• SOURCE INFORMATION
= = =
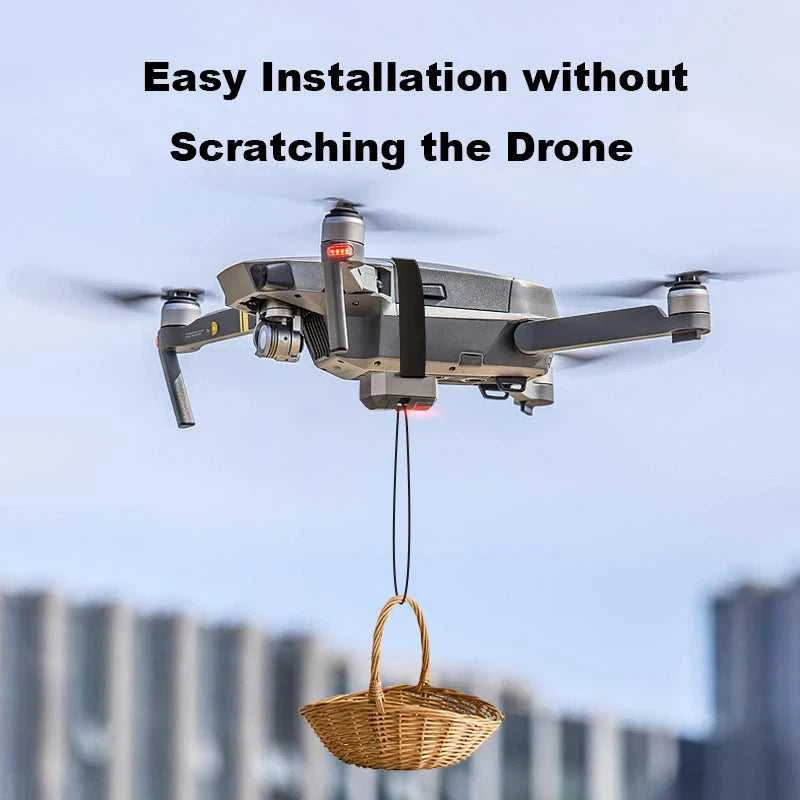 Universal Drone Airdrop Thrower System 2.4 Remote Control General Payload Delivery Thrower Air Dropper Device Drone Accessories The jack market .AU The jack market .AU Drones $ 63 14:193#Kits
= = =
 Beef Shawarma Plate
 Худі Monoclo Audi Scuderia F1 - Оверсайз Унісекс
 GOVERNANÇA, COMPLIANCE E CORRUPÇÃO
= = =
• INSTRUCTIONS TO FOLLOW
Would you retype the lines above from the one with "Beef Shawarma Plate" down to the one with "GOVERNANÇA, COMPLIANCE E CORRUPÇÃO", word for word, both ends included and no other lines?

• RESULT FOR THIS EXERCISE
 Beef Shawarma Plate
 Худі Monoclo Audi Scuderia F1 - Оверсайз Унісекс
 GOVERNANÇA, COMPLIANCE E CORRUPÇÃO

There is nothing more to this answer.